That is why Sue Wilkes's well researched and highly readable handbook on the subject is so valuable. His directory of regional and national sources and his commentary on them will make this guide an essential tool for family historians searching for an ancestor who worked in coalmining underground, on the pit top or just lived in a mining community.As featured in Who Do You Think You Are? Please try your request again later. Be the first to ask a question about Tracing Your Canal Ancestors Please enter the message.Would you also like to submit a review for this item? We may have to stay home and stay still, but through t...Britain s industrial revolution depended on canals for the cheap movement of materials and goods until the coming of the railways. "Britain's industrial revolution depended on canals for the cheap movement of materials and goods - until the coming of the railways. Magazine and the Barnsley Chronicle. Put on your dancing gloves and embrace a lost era of corsets and courtship! The book identifies the key sources for family historians, including at The National Archives and the Imperial War Museum, together with the many resources online that researchers can turn to. Please try again. Publisher: Casemate Publishers. Find all the books, read about the author, and more. Canal companies struggled to compete and went into a long decline, but much of the canal network is still with us today, and interest in the history and heritage of canals - and those who worked on them - is strong.
Just a moment while we sign you in to your Goodreads account. Many researchers, seeking to trace their ancestry back through the generations, will find their trail leads through it. View: 903. Accessible, informative and extensively referenced, it is the perfect companion for research in Britain's second city. Tracing Your Canal Ancestors: A Guide For Family Historians Tracing Your Ancestors: Amazon.es: Sue Wilkes: Libros en idiomas extranjeros That is why Sue Wilkess well researched and highly readable handbook on the subject is so valuable.She concentrates on the people who lived and worked on the waterways the canal boatmen, their families and their way of life - and those who depended on the canal trade for a living the lock-keepers, toll collectors, and canal company clerks. View: 256. That is why Sue Wilkes's well researched and highly readable handbook She is the author of Regency Spies, A Visitors Guide To Jane Austen's England, The Children History Forgot, Narrow Windows, Narrow Lives, Regency Cheshire, Tracing Your Canal Ancestors, Tracing Your Lancashire Ancestors and Tracing Your Ancestors' Childhood. That is why Brian Elliott's concise, authoritative and practical handbook will be so useful, for it guides researchers through these obstacles and opens up the broad range of sources they can go to in order to get a vivid insight into the lives and experiences of coalminers in the past. --Publisher description.The subject field is required. Do you believe that this item violates a copyright? She provides a thorough, practical guide to the sources the archives, books, websites, societies available for researchers if they are studying our inland waterways, or trying to find out about an ancestor who worked on the canals or was connected with them.Her book is essential reading for anyone interested in this aspect of the industrial past.

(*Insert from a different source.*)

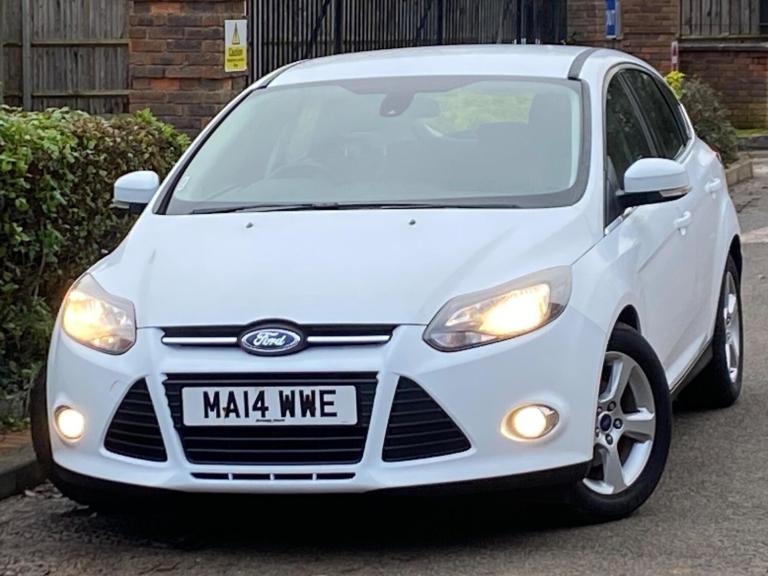  Ford Focus 1.0T EcoBoost Zetec Navigator Euro 5 (s/s) 5dr Petrol Manual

She grew up in Salford, just as many of the great relics of the Industrial Revolution were being demolished. She outlines ancestors' childhood experiences at home, school, work and in institutions, especially during Victorian times. Sue Wilkes skillfully conjures up all aspects of daily life within the period, drawing on contemporary diaries, illustrations, letters, novels, travel literature and archives. The Black Country in the West Midlands is an important site for family historians. Her book is essential reading for anyone interested in this aspect of the industrial past." Publisher: Casemate Publishers. Page: 192. Get this from a library! In the opening chapter she reviews basic family history sources, then she discusses records of childhood in detail. Tracing Your Canal Ancestors is both an inspiring read and a good starting point for your investigation into your canal-faring forebears.’ BBC Who Do You Think You Are? She concentrates on the people who lived and worked on the waterways - the canal boatmen, their families and their way of life - and those who depended on the canal trade for a living - the lock-keepers, toll collectors, and canal company clerks.

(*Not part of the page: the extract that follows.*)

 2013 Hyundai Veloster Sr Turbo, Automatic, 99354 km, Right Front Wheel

Packed with detail, and anecdotes, this is an intimate exploration of how the middle and upper classes lived from 1775, the year of Austen's birth, to the coronation of George IV in 1820. Posted by Sue Wilkes at 18:01.
In this accessible and informative introduction to the subject, Michael Pearson looks at the history and heritage of the region and gives a graphic insight into the world in which our ancestors lived.